WASHINGTON — Despite spending over $800 billion a year, the Defense Department chronically under-invests in cutting-edge technology and struggles to leverage the even greater investments being made by private-sector innovators in fields from AI and networks to space and biotech.
That’s the verdict of a new report by the Reagan Foundation and Institute, released Monday. But there’s good news: Both in the report and at a conference the foundation hosted Tuesday, experts from the Pentagon, Capitol Hill, and industry were full of ideas for improvements.
The central insight from the report and morning panels: For all the reforms of recent years, the US government as a whole — not just the Defense Department — is still an unappealing customer for the most innovative firms in the economy. Even a modest government investment in a nascent, promising technology at a critical, early phase could encourage matching or even greater investment from the private sector, but the government isn’t good at making those targeted investments. So Congress needs to provide more stable, flexible funding, freed from the restrictions and delays of a frequently gridlocked appropriations process — and bureaucrats need the courage to use the authorities Congress has already granted.
“What happens many times is those tools are there, [but] they don’t get used,” said Rep.

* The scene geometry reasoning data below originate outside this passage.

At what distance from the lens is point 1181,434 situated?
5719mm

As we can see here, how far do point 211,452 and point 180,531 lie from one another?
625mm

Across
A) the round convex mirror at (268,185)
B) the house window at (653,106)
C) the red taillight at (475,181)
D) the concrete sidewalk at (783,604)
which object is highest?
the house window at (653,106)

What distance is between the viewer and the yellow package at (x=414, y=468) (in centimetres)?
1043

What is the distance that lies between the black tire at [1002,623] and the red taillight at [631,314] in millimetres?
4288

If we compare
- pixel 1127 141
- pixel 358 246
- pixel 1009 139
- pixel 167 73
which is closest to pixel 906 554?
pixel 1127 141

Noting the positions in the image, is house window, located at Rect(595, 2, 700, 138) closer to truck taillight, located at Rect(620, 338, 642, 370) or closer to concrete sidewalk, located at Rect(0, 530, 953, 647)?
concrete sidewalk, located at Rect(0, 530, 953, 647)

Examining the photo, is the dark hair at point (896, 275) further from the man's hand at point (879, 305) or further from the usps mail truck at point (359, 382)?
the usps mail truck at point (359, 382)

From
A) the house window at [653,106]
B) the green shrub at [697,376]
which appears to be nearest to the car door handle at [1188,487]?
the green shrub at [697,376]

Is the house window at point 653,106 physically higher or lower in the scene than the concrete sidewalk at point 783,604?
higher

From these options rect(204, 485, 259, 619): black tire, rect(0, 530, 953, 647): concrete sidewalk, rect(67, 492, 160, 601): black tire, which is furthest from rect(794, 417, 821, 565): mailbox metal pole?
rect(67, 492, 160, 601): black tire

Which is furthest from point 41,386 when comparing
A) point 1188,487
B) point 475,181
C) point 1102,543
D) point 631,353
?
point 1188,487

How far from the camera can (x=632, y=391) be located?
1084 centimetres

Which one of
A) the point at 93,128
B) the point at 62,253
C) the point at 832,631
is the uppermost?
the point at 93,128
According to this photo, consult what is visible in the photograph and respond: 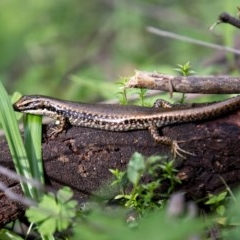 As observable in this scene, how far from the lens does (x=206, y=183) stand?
3375 millimetres

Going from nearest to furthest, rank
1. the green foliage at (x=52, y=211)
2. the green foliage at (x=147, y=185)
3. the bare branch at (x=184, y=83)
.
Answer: the green foliage at (x=52, y=211), the green foliage at (x=147, y=185), the bare branch at (x=184, y=83)

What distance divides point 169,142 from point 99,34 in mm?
6461

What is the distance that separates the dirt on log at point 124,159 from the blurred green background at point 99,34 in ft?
15.2

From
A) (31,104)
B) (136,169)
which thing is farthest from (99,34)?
(136,169)

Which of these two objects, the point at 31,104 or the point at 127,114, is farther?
the point at 31,104

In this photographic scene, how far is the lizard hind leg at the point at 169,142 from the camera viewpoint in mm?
3289

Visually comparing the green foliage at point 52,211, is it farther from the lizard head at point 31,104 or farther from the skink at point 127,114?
the lizard head at point 31,104

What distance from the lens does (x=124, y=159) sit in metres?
3.38

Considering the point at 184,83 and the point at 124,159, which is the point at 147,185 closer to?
the point at 124,159

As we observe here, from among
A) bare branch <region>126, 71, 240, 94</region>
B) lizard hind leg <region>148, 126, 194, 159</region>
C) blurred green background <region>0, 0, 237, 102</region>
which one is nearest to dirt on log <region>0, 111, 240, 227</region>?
lizard hind leg <region>148, 126, 194, 159</region>

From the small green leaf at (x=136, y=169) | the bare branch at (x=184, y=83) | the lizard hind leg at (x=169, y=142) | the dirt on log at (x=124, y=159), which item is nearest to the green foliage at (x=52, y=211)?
the small green leaf at (x=136, y=169)

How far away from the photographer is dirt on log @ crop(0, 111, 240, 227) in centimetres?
336

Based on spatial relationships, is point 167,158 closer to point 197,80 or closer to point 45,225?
point 197,80

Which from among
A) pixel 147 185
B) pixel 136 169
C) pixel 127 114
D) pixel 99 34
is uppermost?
pixel 136 169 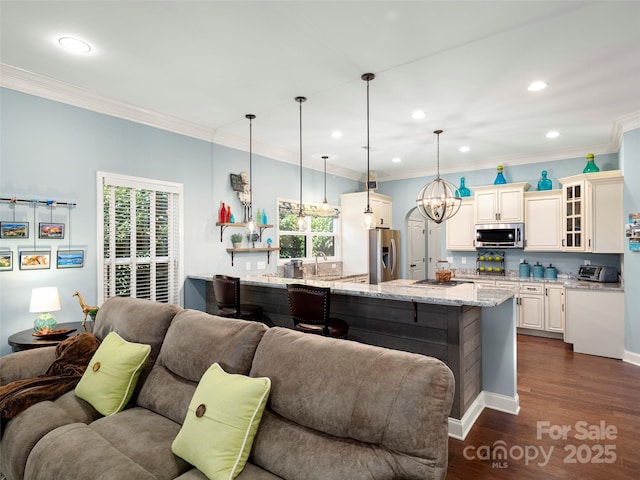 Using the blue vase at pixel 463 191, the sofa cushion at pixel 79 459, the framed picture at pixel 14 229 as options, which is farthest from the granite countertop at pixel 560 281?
the framed picture at pixel 14 229

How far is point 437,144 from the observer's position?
17.2 ft

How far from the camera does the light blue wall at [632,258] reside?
4.24m

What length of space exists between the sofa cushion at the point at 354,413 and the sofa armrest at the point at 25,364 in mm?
1848

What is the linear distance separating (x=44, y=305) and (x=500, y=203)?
6228mm

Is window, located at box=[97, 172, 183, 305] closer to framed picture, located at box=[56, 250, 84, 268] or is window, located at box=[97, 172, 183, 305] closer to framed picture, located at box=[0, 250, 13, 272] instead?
framed picture, located at box=[56, 250, 84, 268]

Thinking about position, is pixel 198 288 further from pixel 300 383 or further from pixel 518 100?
pixel 518 100

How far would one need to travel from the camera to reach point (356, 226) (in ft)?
22.4

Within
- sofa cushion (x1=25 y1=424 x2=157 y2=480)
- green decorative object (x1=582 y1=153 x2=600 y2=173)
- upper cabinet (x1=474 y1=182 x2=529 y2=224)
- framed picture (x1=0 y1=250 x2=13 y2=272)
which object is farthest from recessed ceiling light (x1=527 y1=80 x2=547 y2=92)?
framed picture (x1=0 y1=250 x2=13 y2=272)

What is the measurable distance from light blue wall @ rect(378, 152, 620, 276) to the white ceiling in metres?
0.95

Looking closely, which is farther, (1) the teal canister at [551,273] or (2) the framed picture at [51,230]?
(1) the teal canister at [551,273]

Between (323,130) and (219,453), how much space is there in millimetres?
4015

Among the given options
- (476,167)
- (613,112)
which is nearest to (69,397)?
(613,112)

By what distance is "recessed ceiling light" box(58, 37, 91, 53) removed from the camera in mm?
2635

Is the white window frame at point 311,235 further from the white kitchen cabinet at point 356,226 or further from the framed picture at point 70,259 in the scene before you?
the framed picture at point 70,259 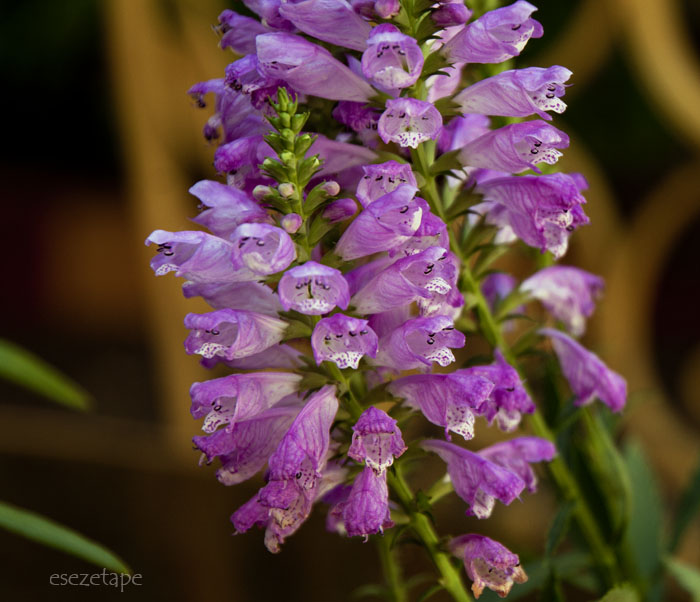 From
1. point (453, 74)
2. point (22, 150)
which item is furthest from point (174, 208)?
point (22, 150)

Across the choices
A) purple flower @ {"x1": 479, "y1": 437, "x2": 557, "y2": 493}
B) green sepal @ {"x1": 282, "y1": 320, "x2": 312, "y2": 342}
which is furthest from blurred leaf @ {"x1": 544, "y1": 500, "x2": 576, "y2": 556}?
green sepal @ {"x1": 282, "y1": 320, "x2": 312, "y2": 342}

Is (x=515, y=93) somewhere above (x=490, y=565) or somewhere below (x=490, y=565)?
above

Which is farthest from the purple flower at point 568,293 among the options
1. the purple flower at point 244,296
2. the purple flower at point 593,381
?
the purple flower at point 244,296

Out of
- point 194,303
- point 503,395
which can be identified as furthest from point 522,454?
point 194,303

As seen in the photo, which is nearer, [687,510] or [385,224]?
[385,224]

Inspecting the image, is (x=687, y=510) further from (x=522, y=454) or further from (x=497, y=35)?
(x=497, y=35)

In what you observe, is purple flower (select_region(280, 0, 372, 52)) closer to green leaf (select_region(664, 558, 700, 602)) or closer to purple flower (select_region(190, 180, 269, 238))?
purple flower (select_region(190, 180, 269, 238)) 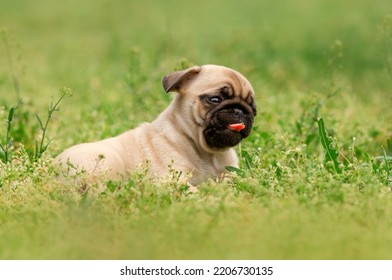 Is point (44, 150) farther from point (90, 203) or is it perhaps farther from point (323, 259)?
point (323, 259)

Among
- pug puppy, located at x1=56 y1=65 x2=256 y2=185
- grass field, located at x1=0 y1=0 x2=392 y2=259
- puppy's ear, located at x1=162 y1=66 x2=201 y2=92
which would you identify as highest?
puppy's ear, located at x1=162 y1=66 x2=201 y2=92

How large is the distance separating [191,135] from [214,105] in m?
0.34

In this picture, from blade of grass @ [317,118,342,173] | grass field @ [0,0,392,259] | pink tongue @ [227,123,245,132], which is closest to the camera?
grass field @ [0,0,392,259]

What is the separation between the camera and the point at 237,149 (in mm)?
7148

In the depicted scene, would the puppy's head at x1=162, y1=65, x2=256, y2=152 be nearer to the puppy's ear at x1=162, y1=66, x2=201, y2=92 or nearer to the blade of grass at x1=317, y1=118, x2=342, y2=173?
the puppy's ear at x1=162, y1=66, x2=201, y2=92

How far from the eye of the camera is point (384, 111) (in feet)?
27.5

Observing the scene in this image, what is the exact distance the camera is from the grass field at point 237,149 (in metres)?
4.84

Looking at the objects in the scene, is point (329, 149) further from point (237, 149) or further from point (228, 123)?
point (237, 149)

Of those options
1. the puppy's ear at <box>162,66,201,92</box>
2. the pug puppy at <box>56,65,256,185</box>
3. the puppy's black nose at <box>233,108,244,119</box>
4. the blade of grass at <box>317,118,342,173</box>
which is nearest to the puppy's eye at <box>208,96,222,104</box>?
the pug puppy at <box>56,65,256,185</box>

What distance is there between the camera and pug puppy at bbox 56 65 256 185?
6.20 metres

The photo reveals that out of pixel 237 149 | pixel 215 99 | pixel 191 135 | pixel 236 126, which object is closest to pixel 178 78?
pixel 215 99

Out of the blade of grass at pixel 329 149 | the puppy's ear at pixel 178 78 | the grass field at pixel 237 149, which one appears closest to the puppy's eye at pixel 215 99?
the puppy's ear at pixel 178 78

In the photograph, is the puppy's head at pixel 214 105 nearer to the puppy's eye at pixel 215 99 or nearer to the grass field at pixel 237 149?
the puppy's eye at pixel 215 99

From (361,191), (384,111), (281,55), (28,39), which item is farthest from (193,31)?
(361,191)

Rob Wittman, R-Va., chairman of the tactical land and air forces subcommittee. “There are OTAs and MTAs — Other Transaction Authorities and Mid-Tier [Acquisition] — that aren’t used enough.”
“The problem is sometimes, too, Congress says, ‘whoa, whoa, wait a minute’… because we like to have the control,” Wittman continued. That forces Pentagon programs to slow down and wait for a budget cycle that takes a year to grind through Congress, on top of years of planning and infighting at the Pentagon.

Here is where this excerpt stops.